The warped comedy, that's what does it for me. All the best parts of Juve vs. Fantômas involve criminal plots so outré that delighted disbelief is the only sane response: disbelief at the their implausibility, at the fact they were staged, at the way that we still totally buy it in the moment, thanks to Feuillade's stately presentation, which is so dignified even as the movie is at its silliest that it lends a measure of gravity and sincerity to the goings-on, whether they involve a pair of breakaway robot arms, an assassin throwing a boa constrictor at a sleeping victim wearing spikes around his midsection (modern viewer beware: the ultimate fate of that snake is damnably upsetting, a queasy reminder that animals weren't accorded anything resembling the same humane treatment four and five generations ago that they are now), or Fantômas's trick of hiding in a cistern using a wine bottle as a breathing tube, while dressed in full-on supervillain regalia, skin-tight black with a menacing hood.

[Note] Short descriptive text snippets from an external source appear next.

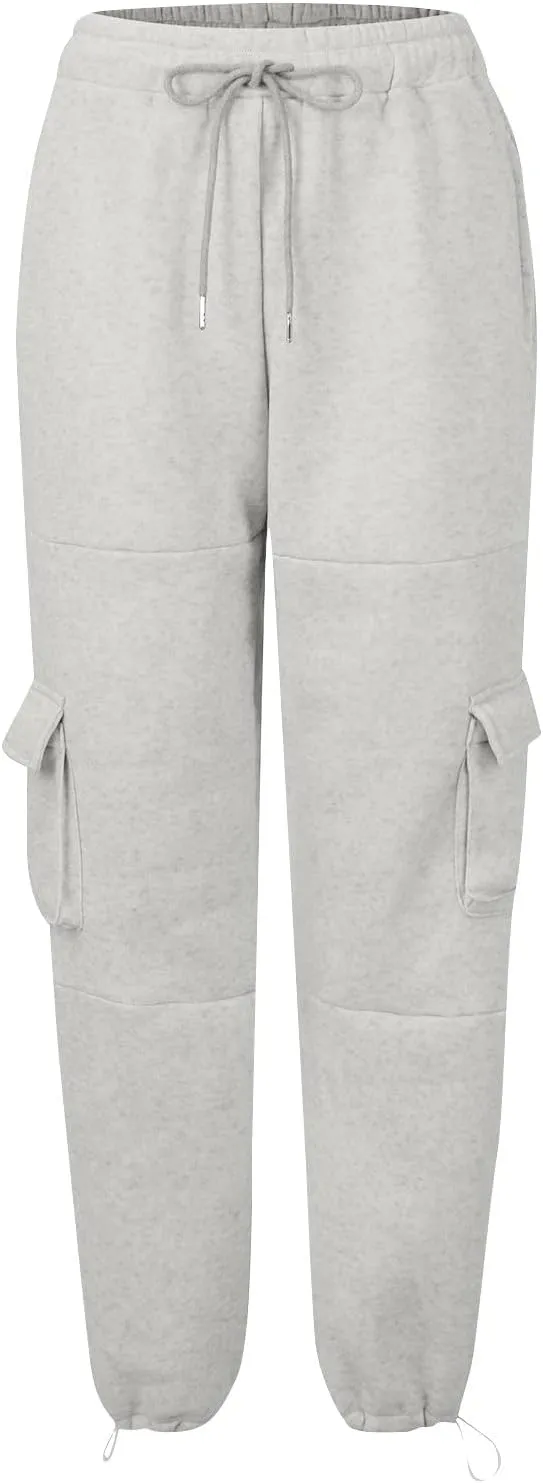 Fleece Cargo Joggers for Women Baggy Straight Leg Sweatpants Drawstring Cinch Bottom High Waisted Pants with Pockets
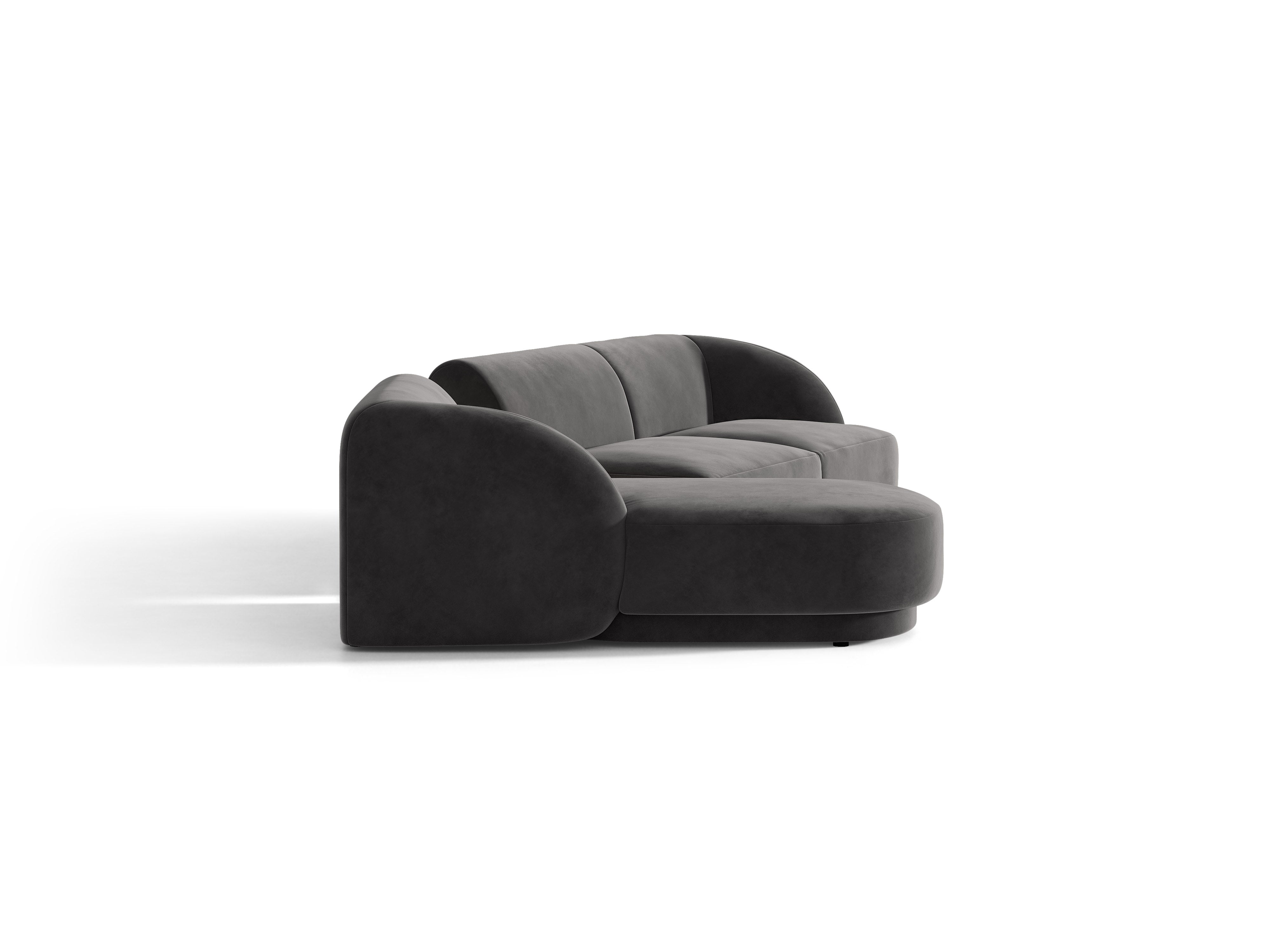 Narożnik modułowy ze stolikiem 3-osobowy lewostronny MILEY szary – sofa narożna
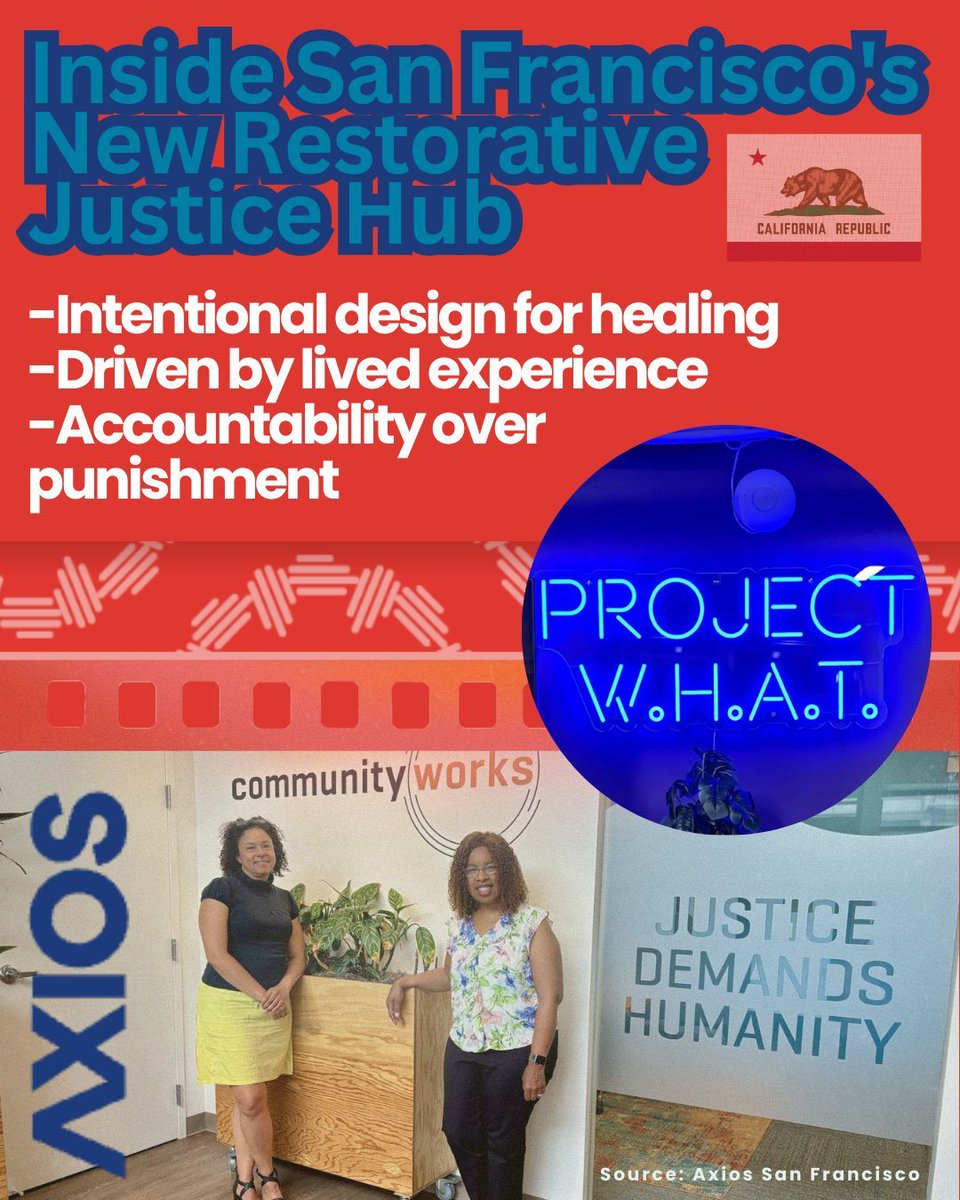 theSAWProject's tweet image. The San Francisco Restorative Justice Hub is a sanctuary designed for accountability over punishment. They're leading the way in redefining what justice can look like when we put people first. 

READ MORE HERE: buff.ly/mSsfi82 

#SoMa #CompassionateJustice #SAWProject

As before, the contrast within the film gives it a huge amount of personality that all the decades haven't erased: the spare, authentic style and the flagrantly weird content jar against each other in a way that's really fun, though the perverse anti-cohesion of Juve vs. Fantômas makes it an awfully hard sell for a modern viewer who's not already fairly well-acquainted with the cinema of the 1900s and 1910s. On the other hand, it has something that In the Shadow of the Guillotine lacks: a real, proper hero, in the figure of Juve, who becomes a much bigger, more interesting figure here (though he's not much good at his job), big enough that not only does he get titular billing over the main character, but Bréon is even introduced, like Navarre, in a series of non-diegetic close-ups that dissolve into each other, revealing the various disguises he'll wear over the next hour. It's a quick way of establishing a character bold enough to stand against the over-the-top wicked Fantômas, and the presence of two simplistic but instantly-recognisable figures, hero and anti-hero, make what little rudiments of plot the film boasts click in a pleasingly archetypal way.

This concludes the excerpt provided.